Among the lines of data below, reproduce only those from the one with "can i use acne patch after moisturizer" through the one with "фото №1, Счетчик fabia i lift tdi 6y0920883e", exactly as they stand, both ends included.

(Records contained in a dataset)
==========

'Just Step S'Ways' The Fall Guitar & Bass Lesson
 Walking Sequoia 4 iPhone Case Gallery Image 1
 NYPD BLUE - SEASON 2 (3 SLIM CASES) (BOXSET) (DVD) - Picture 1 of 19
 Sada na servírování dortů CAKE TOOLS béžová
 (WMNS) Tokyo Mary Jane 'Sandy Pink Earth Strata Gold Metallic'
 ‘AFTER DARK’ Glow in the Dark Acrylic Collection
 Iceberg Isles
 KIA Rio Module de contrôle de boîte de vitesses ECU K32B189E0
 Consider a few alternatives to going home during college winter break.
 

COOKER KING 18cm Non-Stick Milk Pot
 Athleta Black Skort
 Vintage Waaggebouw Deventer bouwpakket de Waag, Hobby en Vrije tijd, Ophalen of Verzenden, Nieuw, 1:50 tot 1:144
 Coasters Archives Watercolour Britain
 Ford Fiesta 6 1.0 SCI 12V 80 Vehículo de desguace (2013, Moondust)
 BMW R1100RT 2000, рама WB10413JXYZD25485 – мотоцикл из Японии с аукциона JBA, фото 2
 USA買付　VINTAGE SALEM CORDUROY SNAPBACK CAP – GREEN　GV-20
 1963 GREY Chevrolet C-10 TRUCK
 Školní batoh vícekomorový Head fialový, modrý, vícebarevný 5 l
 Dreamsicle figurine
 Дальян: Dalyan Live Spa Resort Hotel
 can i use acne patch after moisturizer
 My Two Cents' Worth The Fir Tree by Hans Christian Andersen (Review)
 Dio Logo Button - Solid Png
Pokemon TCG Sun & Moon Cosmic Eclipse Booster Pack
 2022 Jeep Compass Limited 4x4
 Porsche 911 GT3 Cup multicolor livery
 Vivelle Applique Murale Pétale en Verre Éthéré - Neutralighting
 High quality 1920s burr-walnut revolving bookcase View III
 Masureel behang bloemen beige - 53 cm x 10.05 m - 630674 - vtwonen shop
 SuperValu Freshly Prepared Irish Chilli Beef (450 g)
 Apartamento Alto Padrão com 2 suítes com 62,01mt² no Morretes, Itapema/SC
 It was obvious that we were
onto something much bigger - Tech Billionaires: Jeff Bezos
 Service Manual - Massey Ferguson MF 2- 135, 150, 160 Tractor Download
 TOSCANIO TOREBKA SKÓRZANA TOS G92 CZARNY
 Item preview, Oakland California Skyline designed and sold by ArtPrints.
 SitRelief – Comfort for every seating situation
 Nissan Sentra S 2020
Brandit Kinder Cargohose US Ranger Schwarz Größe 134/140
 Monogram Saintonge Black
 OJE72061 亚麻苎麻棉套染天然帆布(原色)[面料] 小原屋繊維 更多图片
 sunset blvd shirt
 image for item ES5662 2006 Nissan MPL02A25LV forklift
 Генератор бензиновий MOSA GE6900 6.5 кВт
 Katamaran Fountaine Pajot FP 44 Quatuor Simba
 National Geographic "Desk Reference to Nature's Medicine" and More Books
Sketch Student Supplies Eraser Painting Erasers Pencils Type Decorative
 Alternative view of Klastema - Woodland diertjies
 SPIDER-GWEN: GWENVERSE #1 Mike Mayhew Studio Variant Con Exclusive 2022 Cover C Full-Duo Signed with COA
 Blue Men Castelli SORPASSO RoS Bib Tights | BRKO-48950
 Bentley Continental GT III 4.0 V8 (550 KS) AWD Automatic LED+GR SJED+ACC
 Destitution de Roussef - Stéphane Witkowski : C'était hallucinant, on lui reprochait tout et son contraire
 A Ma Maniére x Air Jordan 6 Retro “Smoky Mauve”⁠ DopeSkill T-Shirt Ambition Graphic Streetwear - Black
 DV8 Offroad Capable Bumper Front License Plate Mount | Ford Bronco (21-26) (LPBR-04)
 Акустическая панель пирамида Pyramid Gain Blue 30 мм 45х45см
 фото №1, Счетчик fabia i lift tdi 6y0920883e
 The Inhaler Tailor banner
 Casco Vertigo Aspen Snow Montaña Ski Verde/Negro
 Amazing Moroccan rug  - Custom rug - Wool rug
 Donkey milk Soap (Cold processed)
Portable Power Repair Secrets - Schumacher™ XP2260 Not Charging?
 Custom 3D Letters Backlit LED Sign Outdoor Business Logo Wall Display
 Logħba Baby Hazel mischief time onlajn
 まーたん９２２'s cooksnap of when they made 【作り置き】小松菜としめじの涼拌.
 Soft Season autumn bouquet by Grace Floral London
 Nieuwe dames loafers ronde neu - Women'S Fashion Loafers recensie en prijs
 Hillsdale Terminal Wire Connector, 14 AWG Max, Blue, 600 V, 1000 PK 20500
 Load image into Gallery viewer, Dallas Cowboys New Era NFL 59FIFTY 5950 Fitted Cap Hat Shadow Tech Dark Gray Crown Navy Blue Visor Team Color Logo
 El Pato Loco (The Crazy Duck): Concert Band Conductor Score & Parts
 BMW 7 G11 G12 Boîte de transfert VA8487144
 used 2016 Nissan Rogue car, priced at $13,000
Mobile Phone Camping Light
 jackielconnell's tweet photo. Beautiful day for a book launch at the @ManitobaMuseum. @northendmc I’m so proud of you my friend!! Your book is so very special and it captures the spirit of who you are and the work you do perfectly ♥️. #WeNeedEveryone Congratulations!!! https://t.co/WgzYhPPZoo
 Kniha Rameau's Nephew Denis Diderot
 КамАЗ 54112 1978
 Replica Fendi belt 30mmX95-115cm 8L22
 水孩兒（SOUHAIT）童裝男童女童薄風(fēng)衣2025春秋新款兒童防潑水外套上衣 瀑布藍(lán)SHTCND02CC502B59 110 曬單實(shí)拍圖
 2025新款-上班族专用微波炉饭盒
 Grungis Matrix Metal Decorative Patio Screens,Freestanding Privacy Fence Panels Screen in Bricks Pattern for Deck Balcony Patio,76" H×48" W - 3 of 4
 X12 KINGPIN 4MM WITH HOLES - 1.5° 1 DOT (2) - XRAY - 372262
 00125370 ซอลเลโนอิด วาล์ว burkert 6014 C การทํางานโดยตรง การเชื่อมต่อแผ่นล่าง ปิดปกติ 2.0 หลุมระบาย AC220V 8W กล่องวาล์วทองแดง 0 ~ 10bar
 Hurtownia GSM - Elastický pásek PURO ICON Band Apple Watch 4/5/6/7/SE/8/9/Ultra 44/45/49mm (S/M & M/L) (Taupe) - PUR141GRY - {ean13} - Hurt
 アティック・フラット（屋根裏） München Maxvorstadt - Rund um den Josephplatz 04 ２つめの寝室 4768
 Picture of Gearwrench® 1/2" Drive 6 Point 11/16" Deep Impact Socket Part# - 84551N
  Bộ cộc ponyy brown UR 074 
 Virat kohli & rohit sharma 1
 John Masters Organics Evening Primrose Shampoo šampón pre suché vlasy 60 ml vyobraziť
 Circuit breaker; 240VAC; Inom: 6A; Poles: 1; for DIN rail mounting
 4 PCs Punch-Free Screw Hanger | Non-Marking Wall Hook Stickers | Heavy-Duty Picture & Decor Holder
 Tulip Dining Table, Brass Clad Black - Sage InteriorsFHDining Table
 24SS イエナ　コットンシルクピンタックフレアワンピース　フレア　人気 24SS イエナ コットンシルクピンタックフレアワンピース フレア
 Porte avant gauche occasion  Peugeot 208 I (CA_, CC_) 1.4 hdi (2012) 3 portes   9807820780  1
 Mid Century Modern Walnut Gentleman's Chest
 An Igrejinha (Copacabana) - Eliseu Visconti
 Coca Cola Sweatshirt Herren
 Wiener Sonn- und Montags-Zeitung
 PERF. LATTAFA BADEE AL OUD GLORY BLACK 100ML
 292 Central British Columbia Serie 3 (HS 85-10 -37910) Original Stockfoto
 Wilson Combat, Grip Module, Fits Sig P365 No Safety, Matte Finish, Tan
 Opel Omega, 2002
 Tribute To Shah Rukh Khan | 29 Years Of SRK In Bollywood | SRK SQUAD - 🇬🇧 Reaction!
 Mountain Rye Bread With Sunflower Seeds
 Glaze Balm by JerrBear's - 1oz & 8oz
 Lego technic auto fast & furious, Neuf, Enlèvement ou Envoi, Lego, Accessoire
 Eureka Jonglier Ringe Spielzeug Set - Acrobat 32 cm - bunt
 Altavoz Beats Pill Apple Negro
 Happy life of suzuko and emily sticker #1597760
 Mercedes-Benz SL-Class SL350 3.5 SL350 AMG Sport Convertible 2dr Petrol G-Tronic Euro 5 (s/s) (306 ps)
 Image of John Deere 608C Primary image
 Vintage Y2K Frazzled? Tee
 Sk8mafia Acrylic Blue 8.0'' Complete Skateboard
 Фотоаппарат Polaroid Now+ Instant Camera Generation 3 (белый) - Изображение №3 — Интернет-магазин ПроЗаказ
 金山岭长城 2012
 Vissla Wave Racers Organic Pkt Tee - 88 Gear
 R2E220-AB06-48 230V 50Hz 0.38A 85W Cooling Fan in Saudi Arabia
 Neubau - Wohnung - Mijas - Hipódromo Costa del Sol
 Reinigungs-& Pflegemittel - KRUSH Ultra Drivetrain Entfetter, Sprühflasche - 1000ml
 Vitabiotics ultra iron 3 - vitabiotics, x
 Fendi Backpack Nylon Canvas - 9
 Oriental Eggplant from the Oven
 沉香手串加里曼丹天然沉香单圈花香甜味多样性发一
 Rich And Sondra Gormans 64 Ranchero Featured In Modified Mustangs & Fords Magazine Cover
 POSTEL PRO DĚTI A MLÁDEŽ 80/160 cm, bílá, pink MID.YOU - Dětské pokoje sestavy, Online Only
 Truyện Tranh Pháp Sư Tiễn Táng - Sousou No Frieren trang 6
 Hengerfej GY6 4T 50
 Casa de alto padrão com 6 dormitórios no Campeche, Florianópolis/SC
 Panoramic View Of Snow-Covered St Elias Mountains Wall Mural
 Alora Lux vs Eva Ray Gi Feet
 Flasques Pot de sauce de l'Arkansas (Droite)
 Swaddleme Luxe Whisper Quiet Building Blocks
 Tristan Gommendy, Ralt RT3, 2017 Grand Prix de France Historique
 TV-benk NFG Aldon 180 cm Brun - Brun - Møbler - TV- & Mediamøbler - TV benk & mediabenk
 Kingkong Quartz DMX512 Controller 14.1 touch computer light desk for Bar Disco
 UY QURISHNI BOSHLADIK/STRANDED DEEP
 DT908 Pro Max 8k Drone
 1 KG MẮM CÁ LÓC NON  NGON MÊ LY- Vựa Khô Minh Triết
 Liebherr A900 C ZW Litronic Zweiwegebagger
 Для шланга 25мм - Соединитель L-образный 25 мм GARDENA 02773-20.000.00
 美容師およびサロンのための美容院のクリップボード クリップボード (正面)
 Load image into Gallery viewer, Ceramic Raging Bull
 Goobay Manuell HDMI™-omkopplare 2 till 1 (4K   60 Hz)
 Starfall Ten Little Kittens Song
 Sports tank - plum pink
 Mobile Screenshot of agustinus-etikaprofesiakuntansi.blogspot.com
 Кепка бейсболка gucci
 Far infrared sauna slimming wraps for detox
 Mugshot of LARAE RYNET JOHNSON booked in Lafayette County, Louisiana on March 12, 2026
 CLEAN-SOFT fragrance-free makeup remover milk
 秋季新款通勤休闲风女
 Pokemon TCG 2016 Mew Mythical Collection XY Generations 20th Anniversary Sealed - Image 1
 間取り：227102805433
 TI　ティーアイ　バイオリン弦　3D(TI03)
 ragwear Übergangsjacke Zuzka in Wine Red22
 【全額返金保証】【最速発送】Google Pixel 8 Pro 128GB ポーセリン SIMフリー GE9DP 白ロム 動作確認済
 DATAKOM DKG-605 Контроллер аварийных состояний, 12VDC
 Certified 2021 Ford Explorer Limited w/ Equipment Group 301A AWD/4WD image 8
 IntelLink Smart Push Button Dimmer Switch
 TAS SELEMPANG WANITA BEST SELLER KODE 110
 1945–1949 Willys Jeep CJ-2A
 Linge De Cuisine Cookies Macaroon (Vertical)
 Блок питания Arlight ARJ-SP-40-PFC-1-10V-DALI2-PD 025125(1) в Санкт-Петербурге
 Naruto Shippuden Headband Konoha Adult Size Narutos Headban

==========

Exercise response:
 can i use acne patch after moisturizer
 My Two Cents' Worth The Fir Tree by Hans Christian Andersen (Review)
 Dio Logo Button - Solid Png
Pokemon TCG Sun & Moon Cosmic Eclipse Booster Pack
 2022 Jeep Compass Limited 4x4
 Porsche 911 GT3 Cup multicolor livery
 Vivelle Applique Murale Pétale en Verre Éthéré - Neutralighting
 High quality 1920s burr-walnut revolving bookcase View III
 Masureel behang bloemen beige - 53 cm x 10.05 m - 630674 - vtwonen shop
 SuperValu Freshly Prepared Irish Chilli Beef (450 g)
 Apartamento Alto Padrão com 2 suítes com 62,01mt² no Morretes, Itapema/SC
 It was obvious that we were
onto something much bigger - Tech Billionaires: Jeff Bezos
 Service Manual - Massey Ferguson MF 2- 135, 150, 160 Tractor Download
 TOSCANIO TOREBKA SKÓRZANA TOS G92 CZARNY
 Item preview, Oakland California Skyline designed and sold by ArtPrints.
 SitRelief – Comfort for every seating situation
 Nissan Sentra S 2020
Brandit Kinder Cargohose US Ranger Schwarz Größe 134/140
 Monogram Saintonge Black
 OJE72061 亚麻苎麻棉套染天然帆布(原色)[面料] 小原屋繊維 更多图片
 sunset blvd shirt
 image for item ES5662 2006 Nissan MPL02A25LV forklift
 Генератор бензиновий MOSA GE6900 6.5 кВт
 Katamaran Fountaine Pajot FP 44 Quatuor Simba
 National Geographic "Desk Reference to Nature's Medicine" and More Books
Sketch Student Supplies Eraser Painting Erasers Pencils Type Decorative
 Alternative view of Klastema - Woodland diertjies
 SPIDER-GWEN: GWENVERSE #1 Mike Mayhew Studio Variant Con Exclusive 2022 Cover C Full-Duo Signed with COA
 Blue Men Castelli SORPASSO RoS Bib Tights | BRKO-48950
 Bentley Continental GT III 4.0 V8 (550 KS) AWD Automatic LED+GR SJED+ACC
 Destitution de Roussef - Stéphane Witkowski : C'était hallucinant, on lui reprochait tout et son contraire
 A Ma Maniére x Air Jordan 6 Retro “Smoky Mauve”⁠ DopeSkill T-Shirt Ambition Graphic Streetwear - Black
 DV8 Offroad Capable Bumper Front License Plate Mount | Ford Bronco (21-26) (LPBR-04)
 Акустическая панель пирамида Pyramid Gain Blue 30 мм 45х45см
 фото №1, Счетчик fabia i lift tdi 6y0920883e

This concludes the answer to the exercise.